Director Miles Gregory has ambitions to create a full-scale, portable version of the historic venue

Global ambitions: Dr Miles Gregory
Global ambitions: Dr Miles Gregory
© Jordan Arts

The power of Shakespeare performed in its original surroundings transformed my life.

June 1997. I had just finished my first year at university, preparing for a career as a lawyer. I was broke, staying on a friend's sofa. One afternoon, idling on the south bank, I walked through the doors of the newly-opened Shakespeare's Globe for a production of Henry V.

That afternoon at the Globe changed me. I had never seen theatre like this before. Like a party.
Standing in a sea of hundreds of people. Cheering, booing, clapping. All of us sharing the same space, the same lighting. The actors talking right at me. Looking me in the eye. This wasn't history. This was now. Alive. For the first time I fully understood Shakespeare. I got it. And when I walked out I was a different person.

I returned to Durham, became president of the college Shakespeare company; studied for my MFA in staging Shakespeare at Exeter and my PhD in Shakespearean performance at Bristol. Directed, produced, ran a theatre.

My whole professional life has been spent seeking to recreate that energy, that lightning bolt of understanding that changed my life on that summer's afternoon nearly twenty years ago.

In time I realised, as so many have before me, that it's the energy of the building that has the potential to bring Shakespeare to life. It's the shared space, the triple-galleried cockpit, the restless crowd, the direct address. It's these conditions of performance that create a transformative experience – particularly for young people.

Three years ago I moved back to my native New Zealand with my growing family. One Sunday I was reading a pop-up book to my oldest child, Nancy. Shakespeare's Globe popped up. "Can we go there?", she asked. I explained that the Globe was a long way away – and then I stopped, and thought.

A pop-up Globe.

A full-scale, temporary, working theatre space that precisely replicates the dimensions of the Globe Theatre. That can quite literally 'pop-up' anywhere.

Built from honest, simple materials – scaffolding, plywood, paint – using the smoke and mirrors of theatre to 'stage' the Globe so successfully that on first viewing you think you're looking at the real thing. A way for people who will never be able to travel to London to unlock the incredible power and beauty of Shakespeare performed in the space for which it was written.
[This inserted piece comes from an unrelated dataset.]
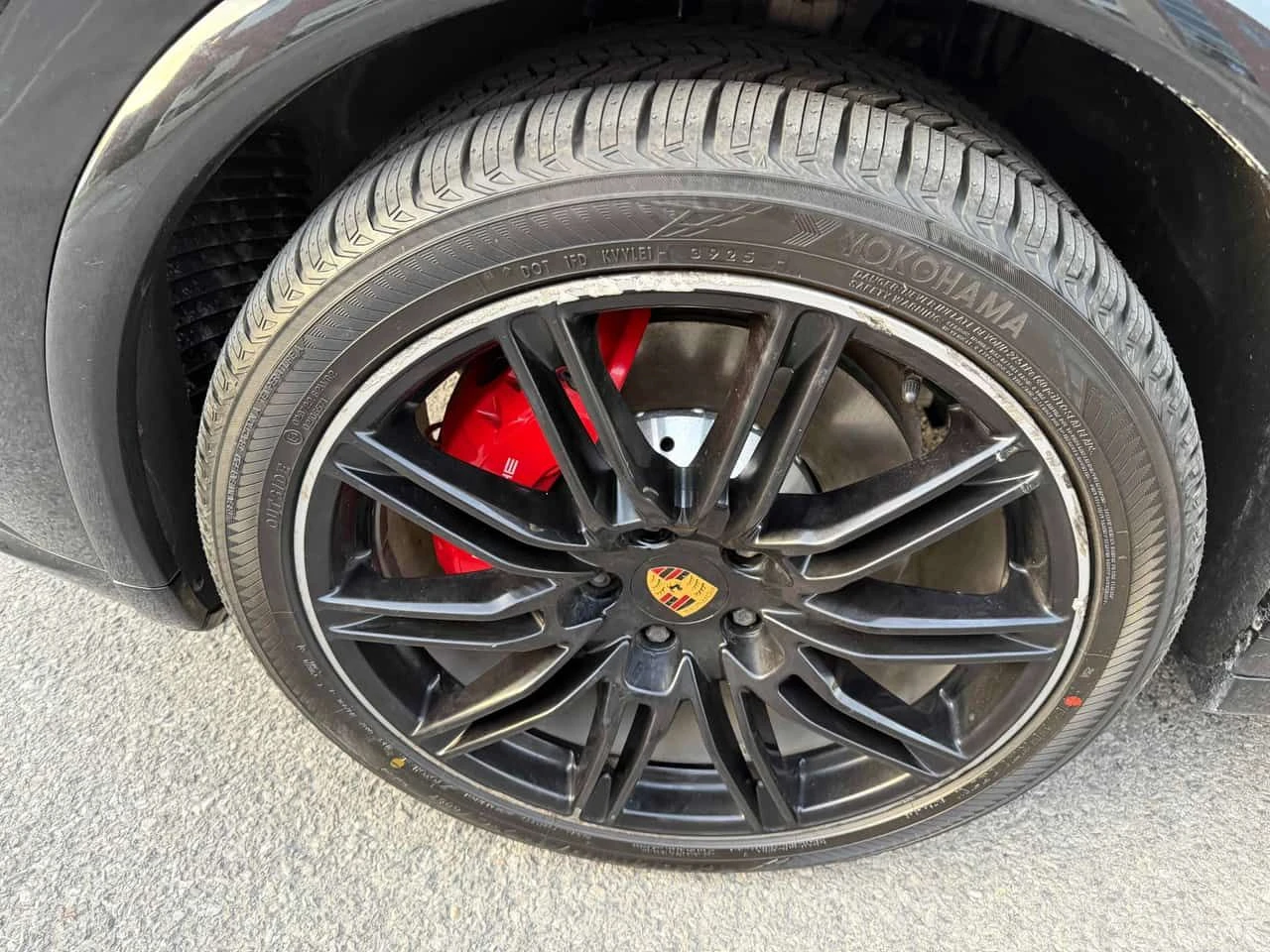 Porsche Cayenne * GTS * ПАНОРАМА* КАМЕРА* ПОДГРЕВ* , снимка 6 - Автомобили и джипове - 54879930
Because it's all about experience. And there's something about a pop-up theatre that captures the world-changing magic of Shakespeare's original.

Computer image of the 'Pop-up Globe'
Computer image of the 'Pop-up Globe'
© camelspace.com

Our Pop-up Globe will hold nearly 1000 people. We hope that over 20,000 school-children will attend our performances in Auckland alone. And we're working with partners to take the Pop-up Globe to cities and arts festivals everywhere to change lives and bring communities together around the world.

To see this iconic building briefly juxtaposed with the skyline of your own city, far away from London, will be a tremendously exciting moment.

The Pop-up Globe will be one of the most fascinating entertainment events in history, marrying rigorous academic research with superb professional theatre to create an unforgettable night of entertainment.
It might just be the most powerful experiential education tool ever invented in the fields of Shakespeare, English studies, and drama.

Above all, this will be a theatre that Shakespeare would have immediately recognised and loved. In fact, he'd probably build it himself if he were still around.

And he would have known – as we do – that it will be great fun.